ロッテの吉田裕太は、今季をこのように振り返った。プロ6年目の今季は開幕一軍を掴み、岩下大輝が先発のときはスタメンマスクを被った。
吉田は岩下を好リード。岩下は、5月が終了した時点で8試合に登板し44回1/3を投げて、防御率2.44と安定した成績を残した。岩下はこの時期、「イニング終わりに吉さんと話してやれている。コミュニケーションの取り方、サインだったり息も合ってきた部分もある」と粘り強く抑えられていた要因のひとつに吉田の存在を挙げていた。
吉田自身も好結果を積み重ねることで、「自信になっていましたね。(岩下と)ロッカーも隣だったのでコミュニケーションも取れていましたし、そこは良かったですね」と好感触を掴んだ。
スタメン出場を徐々に増やすも…
少ないチャンスでアピールしていた吉田は、正捕手・田村龍弘が『右ハムストリングスの筋損傷』で5月12日に一軍登録抹消となった以降、先発マスクを被る試合が徐々に増えた。

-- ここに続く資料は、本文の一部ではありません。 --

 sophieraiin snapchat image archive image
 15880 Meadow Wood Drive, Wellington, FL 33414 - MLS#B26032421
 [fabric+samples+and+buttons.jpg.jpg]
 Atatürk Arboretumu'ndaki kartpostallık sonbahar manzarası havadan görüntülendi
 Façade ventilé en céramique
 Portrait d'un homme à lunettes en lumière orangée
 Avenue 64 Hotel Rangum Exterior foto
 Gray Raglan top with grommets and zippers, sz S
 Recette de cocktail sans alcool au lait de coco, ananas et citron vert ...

「がむしゃらにやっているだけでした。怪我して(田村が)登録抹消となったというのは関係なく、やることは一緒という感じでやっていました」。
打撃面でも5月29日の日本ハム戦で本塁打を含むマルチ安打をマークし、6月1日の西武戦からは4試合連続出塁と存在感を示した。
しかし、6月7日の巨人戦で左足を負傷し、翌8日に「左大腿二頭筋肉離れ」により一軍登録抹消。「一生懸命やった結果なので、そこはしょうがない。ネガティブに考えないで、次にそういう怪我をしないようにと鍛え直したいと思っていましたね」と、前を向いてリハビリに励んだ。
吉田が故障で二軍落ちしている間に、田村が一軍復帰し、種市篤暉が先発の時にマスクを被っていた柿沼友哉が台頭。「特に焦りはなかったですね。とにかく早く怪我を治そうという意識だけでした」と周りを気にするのではなく、自身と徹底的に向き合った。
クライマックス・シリーズ争いが佳境に入った9月に柿沼が左手を骨折し、吉田は9月4日に再び一軍の舞台に戻ってきた。出場機会はほとんどなく、復帰後は2試合のみの出場にとどまった。
シーズン終了後は、フェニックスリーグに参加していたが、15日からはZOZOマリンスタジアムで行われている秋季練習に合流した。来季に向けて吉田は「もう1回強い体、怪我しない体と技術面も守備も打撃もレベルアップできるようにやっていきたいと思います」と意気込んだ。
10月のドラフト会議ではドラフト2位で、佐藤都志也捕手を指名し、ライバルが増えた。来季は今季以上に激しい競争が予想される。7年目となる来季、存在感を見せていきたいところだ。